The Rev. Noah Van Niel

St. John the Evangelist

January 14th, 2018

Epiphany 2 (B): 1 Sam 3:1-10; Psalm 139: 1-5, 12-17; 1 Cor 6:12-20; John 1:43-51

I am aware that when we are singing the Anglican chant settings of the psalms, it can sometimes be hard to process what the words are saying while trying to get all the notes and markings correct. Beauty comes at a price. However I want to call your attention Calling-of-Philip-Nathaniel-e1483799461281back to Psalm 139 a portion of which we sang this morning because I think it is one of the most profound psalms in the entire Bible.

I can tell you the first time I noticed Psalm 139. It was January 18th 2015, the second Sunday after the Epiphany, in the second year of our three year cycle of Sunday morning readings, precisely the same Sunday we find ourselves at today. Melinda was about 10 weeks pregnant with Vincent and so when the psalmist used the wonderful metaphors of gestation to try and articulate just how intimately God knows each and every one of us—it’s as if God created our inmost parts, and wove us together in the depths of the earth—it hit me with greater poignancy and power than it ever had before. How amazing to have a God whose power reaches so high that we cannot attain to it, and so low that He is knitting us together in the womb. How wondrous.
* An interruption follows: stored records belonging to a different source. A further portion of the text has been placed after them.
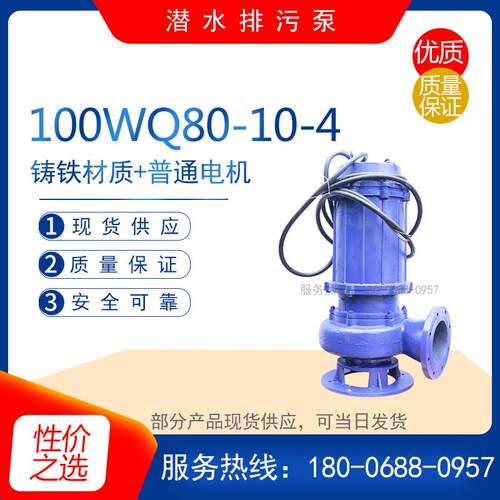 50WQ10-10-0.75无堵塞潜水排污泵100WQ80-10-4高扬程化粪池抽水泵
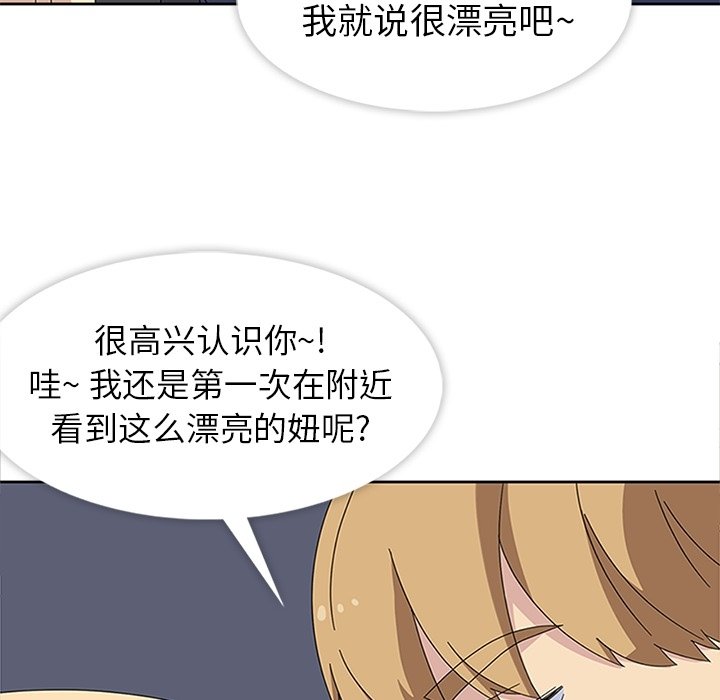 第27話 - 第71张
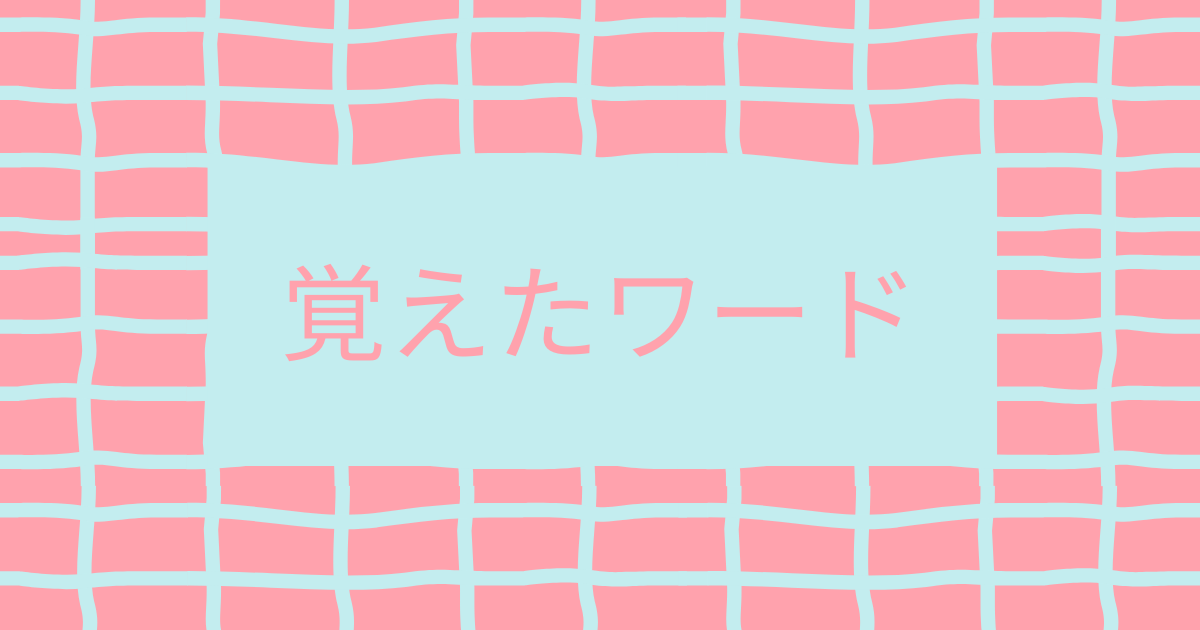 f:id:funny_crunch:20210222232109p:plain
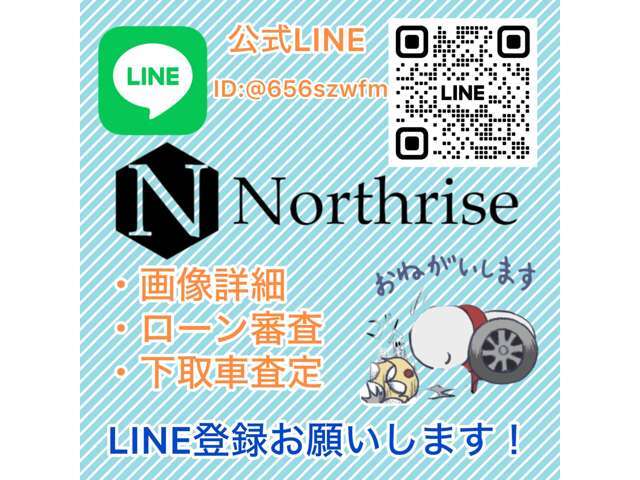 LINEからのお問い合わせも可能です！ローン仮審査　下取車両の査定　こちらからどうぞ！　YouTubeで車両動画見れます↓　https://youtu.be/p2x3W7Oy1UU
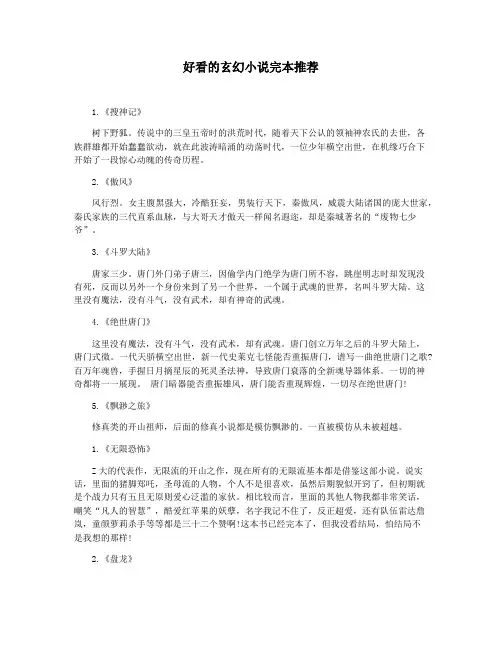 好看的玄幻小说完本推荐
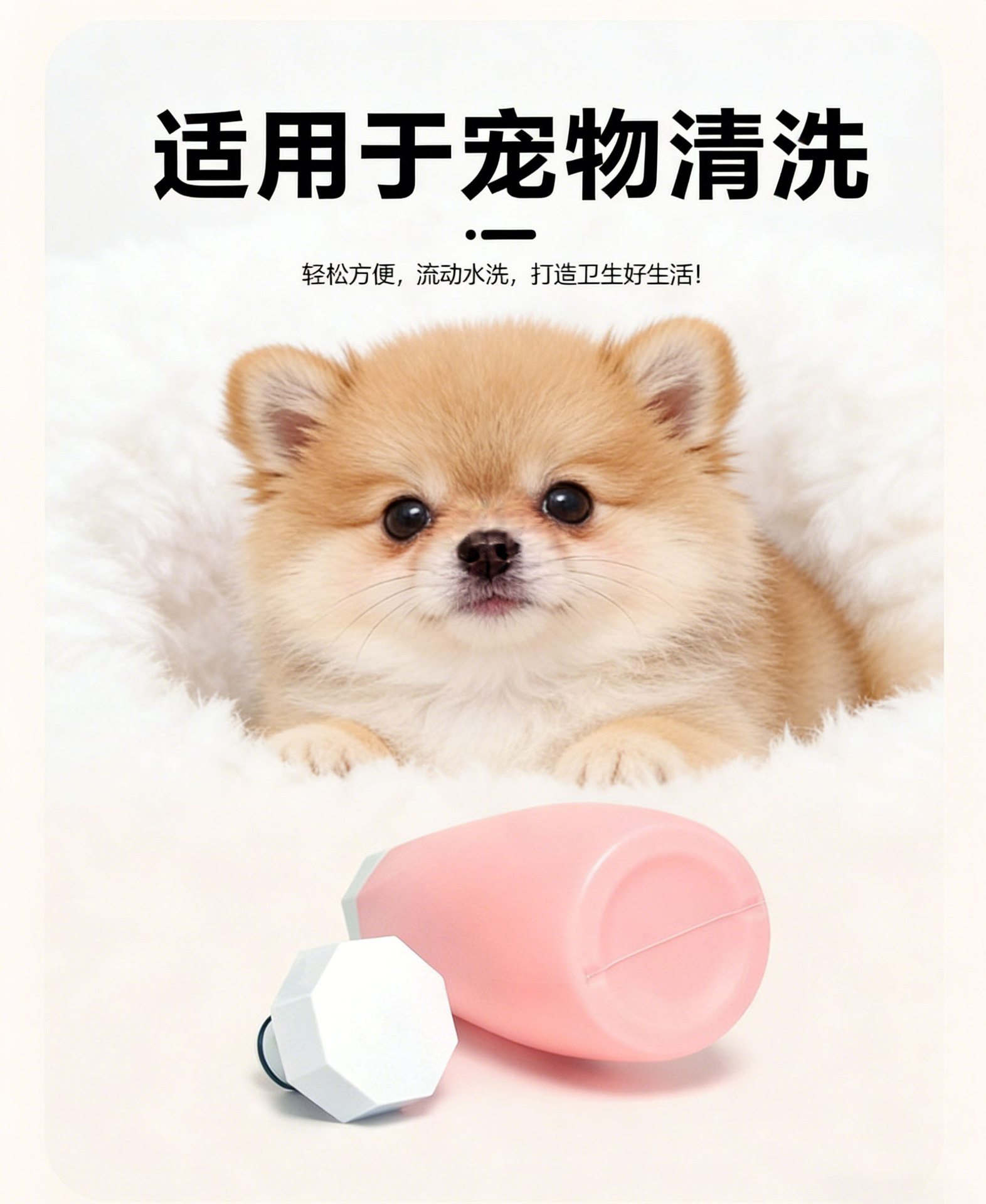 外贸宠物冲洗器外出便携式冲洗伤口洗嘴巴神器清洁美容工具详情1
Three days later the psalm took a turn in a different direction however, when we went in for an ultrasound to check on how things were progressing. No one should ever have to experience the feeling of rising anxiety as the radiologist goes silent, and starts digging around on the belly. The already dark room closes in around you, your stomach ties up in a knot, your heart rises into your throat. “Is something the matter?” I asked, after a few minutes, not wanting to know. She stopped digging around and turned to face us. “I don’t see a right hand,” she said. “Your eyes beheld my limbs, yet unfinished in the womb…”

I won’t pretend that I was thinking of Psalm 139 in that moment. In fact I wasn’t thinking much of anything in that moment or for the days that followed. This news knocked us off our feet for a bit. But those lines echoed back to me eventually and, to be honest I thought it a cruel joke. For what kind of a God is a God who would leave those limbs unfinished in the womb?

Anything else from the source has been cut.